Your instructions -
Down to the final line, write out the material beneath exactly, without pictures.

Dataset entries -
● ● ●

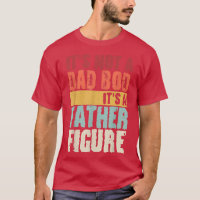 Det är inte en Pappa-bod. Det är en Far Figur Papp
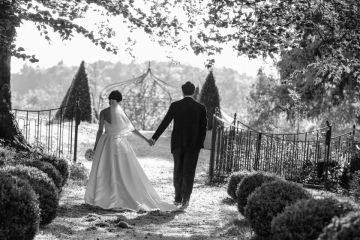 Hochzeit im Schlosshotel Obermayerhofen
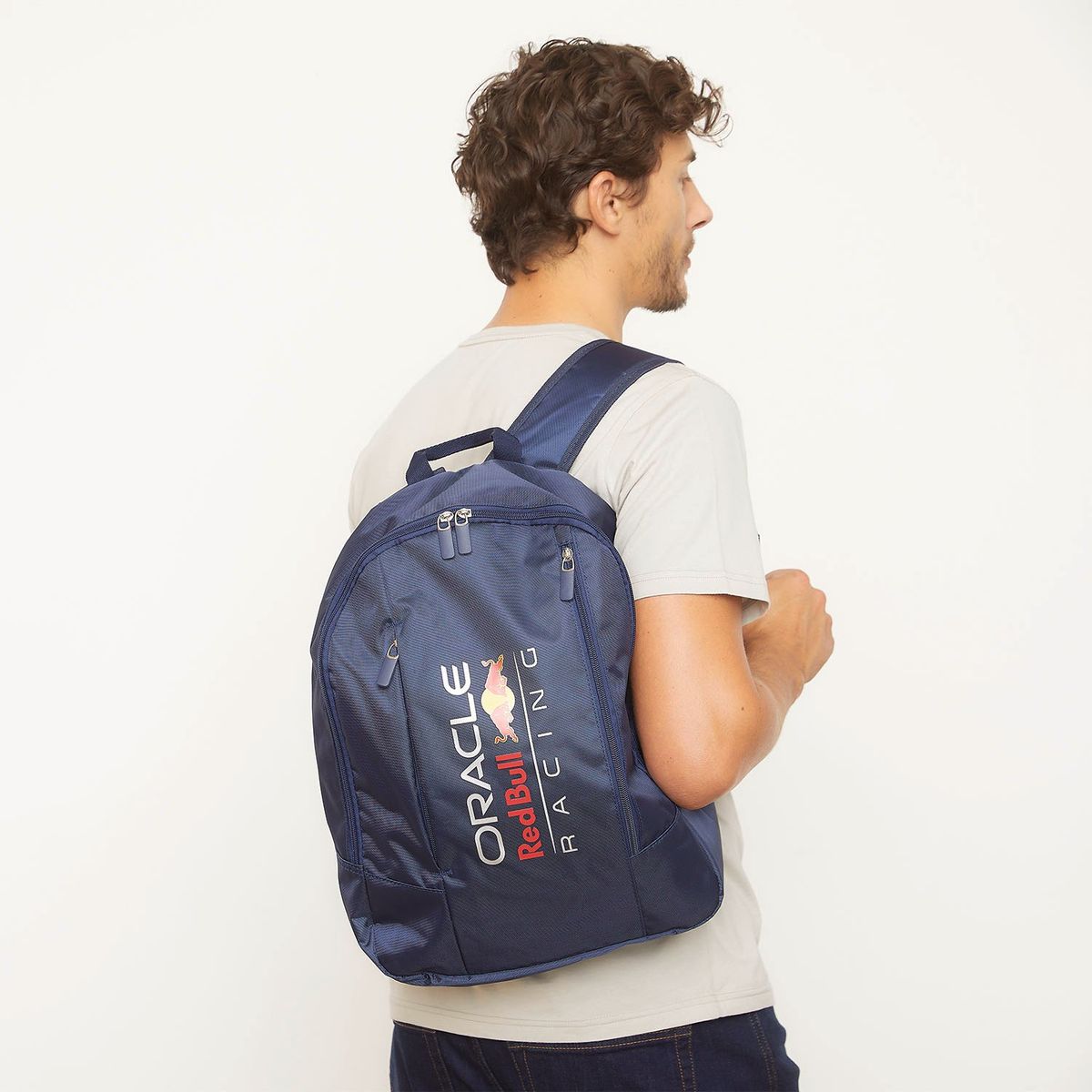 RED BULL - Mochila Racing F1 20 Litros Unisex Red Bull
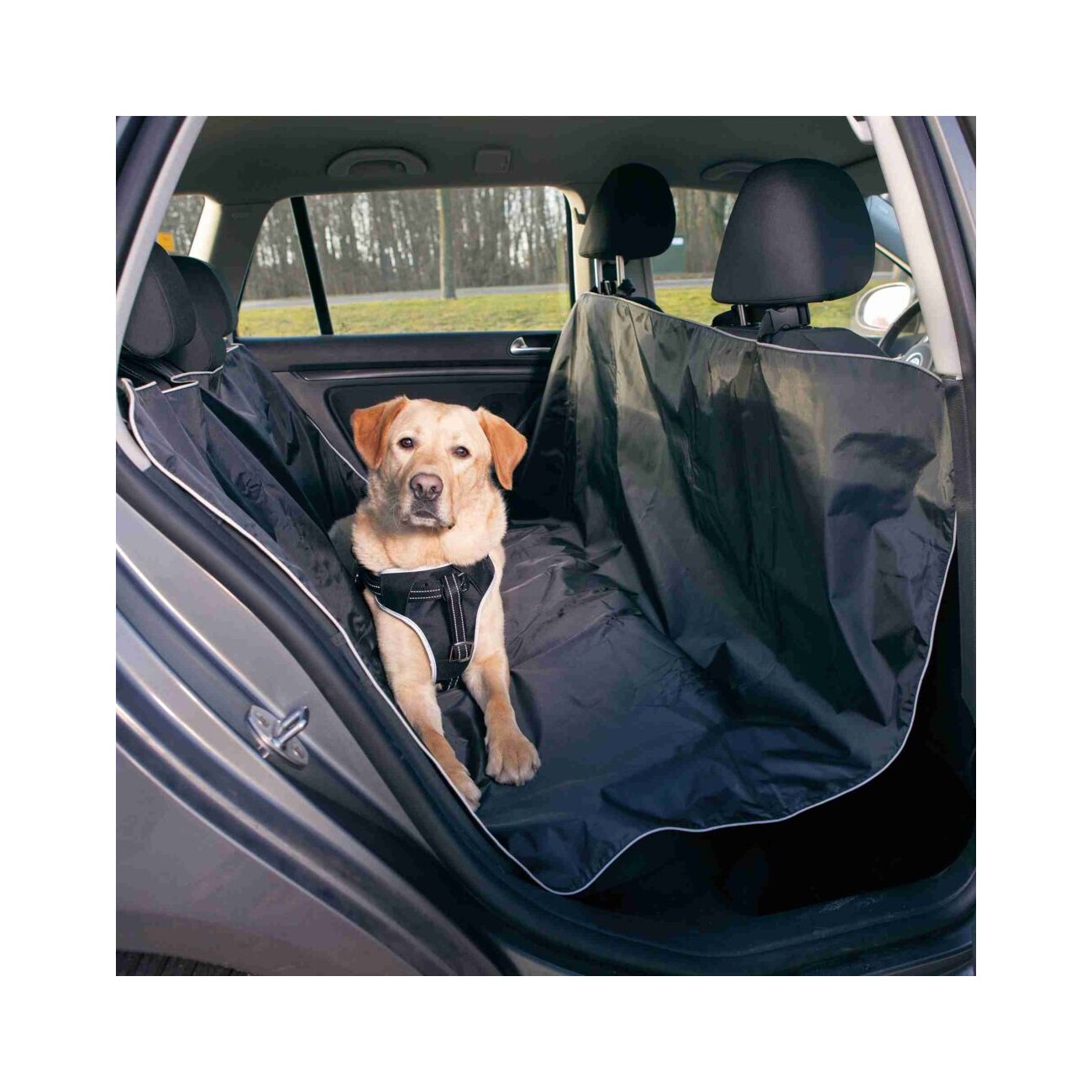 Trixie Hunde-Auto-Schondecke
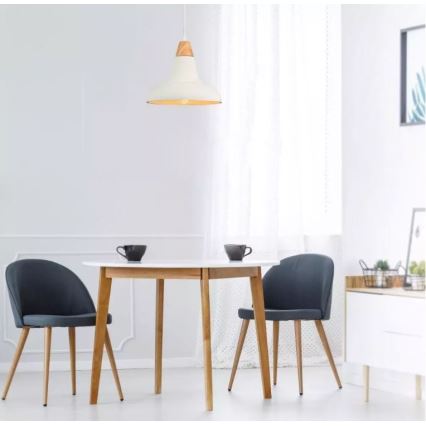 Chandelier on a string 1xE27/60W/230V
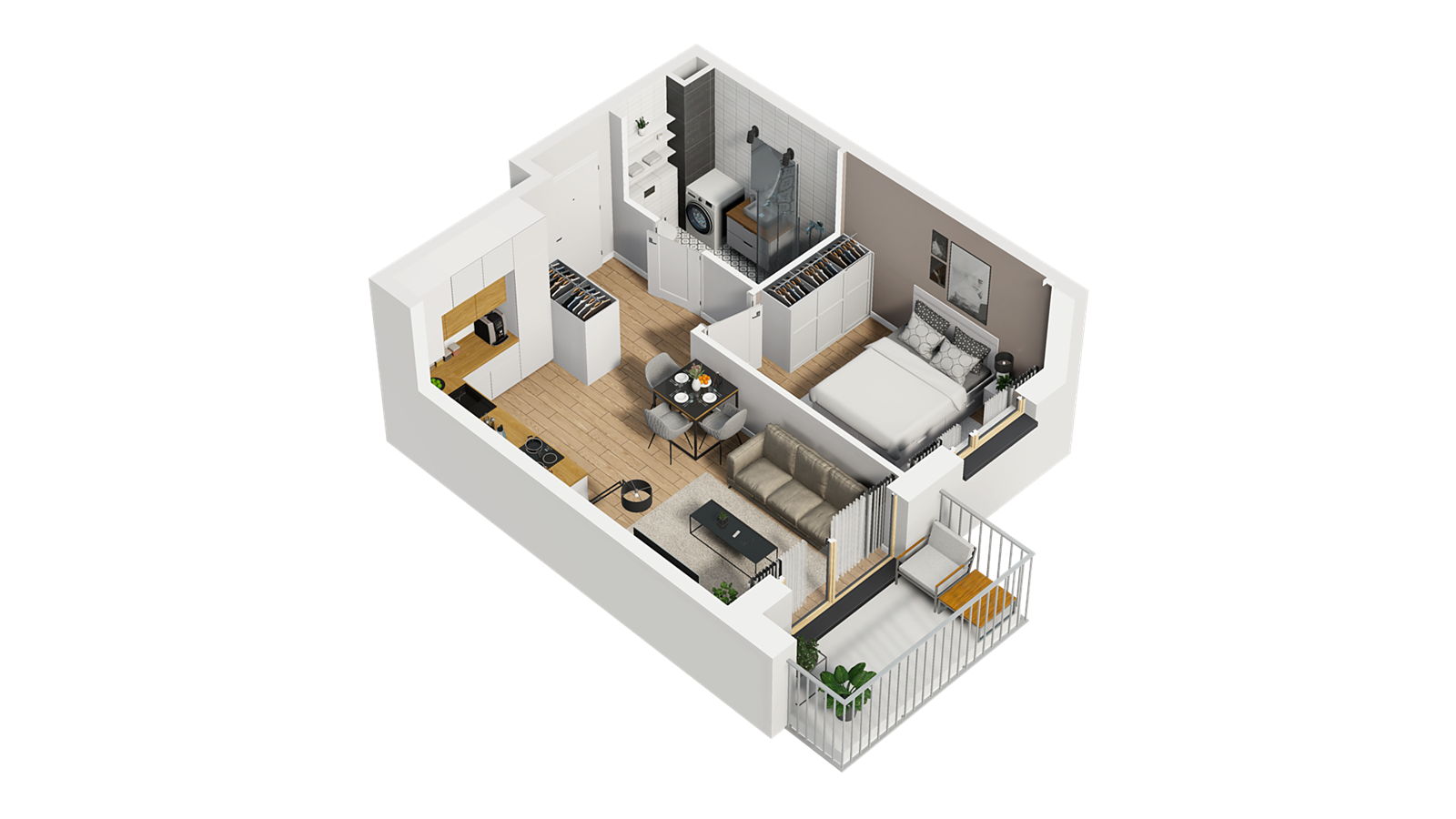 Rzut 3D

● ● ●

Result below -
 Det är inte en Pappa-bod. Det är en Far Figur Papp
 Hochzeit im Schlosshotel Obermayerhofen
 RED BULL - Mochila Racing F1 20 Litros Unisex Red Bull
 Trixie Hunde-Auto-Schondecke
 Chandelier on a string 1xE27/60W/230V
 Rzut 3D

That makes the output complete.